The successful entrepreneur who is also the owner of the new pay TV  sports channel Kwese TV that is now gaining a foothold in the market with lucrative live broadcast deals, says when you have those two Ps in place you don’t ever need to visit your business premises.

When your business is small, he argues, you obviously must work every day and night to make it a success, with energy and passion, and with a deep desire to make it bigger. If you are currently working towards growing your business with your sight on the big league, keep at it. No matter how small your business is right now, the two Ps (People and Process) plus a third one – Product- will make the difference.

If you’re dreaming of building your business to the big league, Masiyiwa recommends that you ‘get a life’; Your business must also have a life!

It is important to allow your business “to get a life of its own,” separate from yours. It must be a separate living persona with its own needs, separate from yours. Contrary to popular belief, he says, you are not the business and the business is not you!

Imagine you run a cash business like a supermarket and a dear relative comes in with an emergency asking for money. Can you say to that person: I’m sorry I have no money; what I have belongs to the business!

People who run big successful businesses never treat the money of the business as their own. If this surprises you, then you are not yet ready for the big league, he cautions!

He tells of how a friend approached him and asked to borrow him some money.

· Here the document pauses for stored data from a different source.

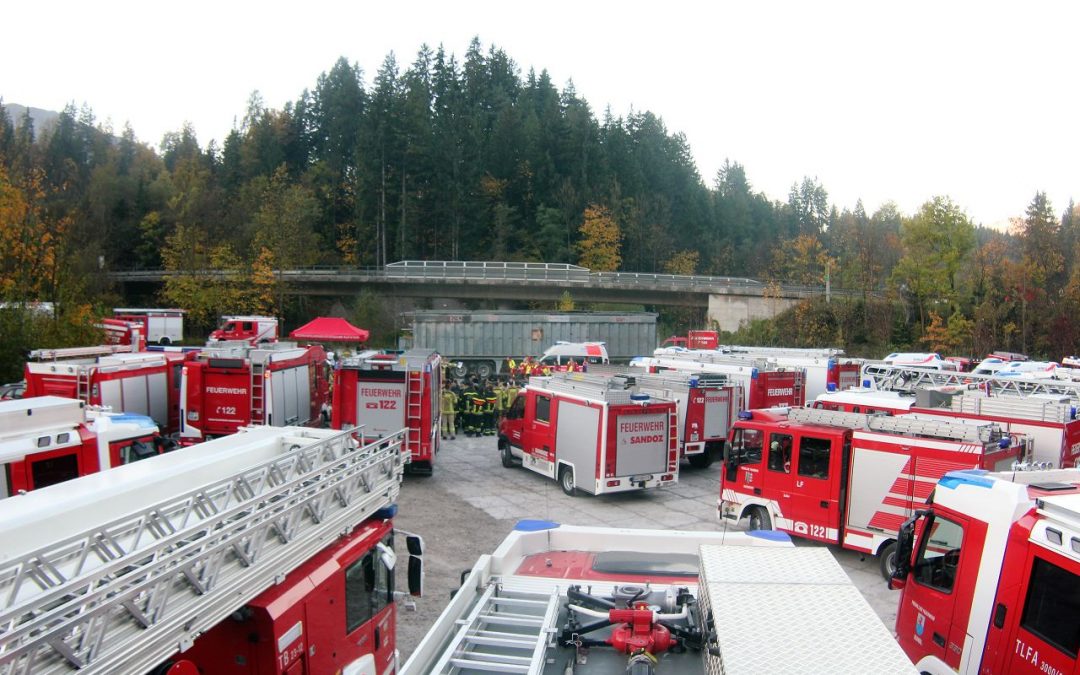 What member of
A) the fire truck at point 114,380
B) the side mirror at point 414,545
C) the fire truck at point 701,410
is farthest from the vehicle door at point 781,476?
the fire truck at point 114,380

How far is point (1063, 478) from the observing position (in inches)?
255

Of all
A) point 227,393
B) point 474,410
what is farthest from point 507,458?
point 227,393

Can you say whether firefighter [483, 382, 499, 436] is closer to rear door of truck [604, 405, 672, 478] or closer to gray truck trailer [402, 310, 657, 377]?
rear door of truck [604, 405, 672, 478]

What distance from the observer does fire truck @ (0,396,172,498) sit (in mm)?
7469

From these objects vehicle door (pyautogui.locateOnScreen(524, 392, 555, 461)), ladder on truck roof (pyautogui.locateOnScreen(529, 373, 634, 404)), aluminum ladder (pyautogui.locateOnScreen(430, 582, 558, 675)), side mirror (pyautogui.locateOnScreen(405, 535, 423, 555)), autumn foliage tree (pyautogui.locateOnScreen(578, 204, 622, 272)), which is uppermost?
autumn foliage tree (pyautogui.locateOnScreen(578, 204, 622, 272))

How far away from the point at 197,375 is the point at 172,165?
334 ft

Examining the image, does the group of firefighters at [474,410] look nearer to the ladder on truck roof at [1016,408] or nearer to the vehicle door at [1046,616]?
the ladder on truck roof at [1016,408]

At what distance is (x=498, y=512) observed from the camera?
1386cm

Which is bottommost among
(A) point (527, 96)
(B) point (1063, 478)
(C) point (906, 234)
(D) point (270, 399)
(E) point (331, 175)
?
(D) point (270, 399)

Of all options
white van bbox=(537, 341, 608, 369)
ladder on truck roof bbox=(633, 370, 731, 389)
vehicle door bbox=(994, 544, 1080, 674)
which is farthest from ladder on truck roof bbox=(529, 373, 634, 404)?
white van bbox=(537, 341, 608, 369)

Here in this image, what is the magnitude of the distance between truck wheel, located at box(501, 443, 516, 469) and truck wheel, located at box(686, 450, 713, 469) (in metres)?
4.50

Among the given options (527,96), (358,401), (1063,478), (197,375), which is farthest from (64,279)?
(527,96)

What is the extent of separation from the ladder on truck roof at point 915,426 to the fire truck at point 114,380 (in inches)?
532

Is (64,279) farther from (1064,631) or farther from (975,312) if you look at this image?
(975,312)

He told him although his business was doing well, he did not have any money himself. “The business is really doing well, but I’m not the business; the two of us are different from each other,” he responded. 

Now if you are new to the big business, you will not accept this, but if you went to Bill Gates or Patrice Motsepe they will tell you the same; if you cannot do that, you will never be able to own a truly big business.

Similarly, you cannot take money belonging to the business and build a house for your family or buy a new car. You are only entitled to your salary, which should be fixed and taken only when others get paid. You are also entitled to a small portion of the profit, taken only from Year 4 of successive years of profit. Cap it at 25 per cent, he advises.

Masiyiwa says he has known some brilliant, innovative entrepreneurs who have struggled with allowing their businesses to have separate lives from theirs, yet the entrepreneur who allows the business to have its own life is the one who builds a big business.

By 2000, Masiyiwa’s listed company was worth over USD 100 million. In spite of his wealth, the now respected business leader and international speaker on business and economic issues lived in a middle-income area in the capital Harare. He says Vainona was not the wealthiest suburb by any standard. He did not own a Mercedes Benz either, although he could easily park a fleet of them. Not because he was repulsive to the good life; he was putting his money where his dream was- the big league. He proposes you should do the same too if you want to build a big business for Africa.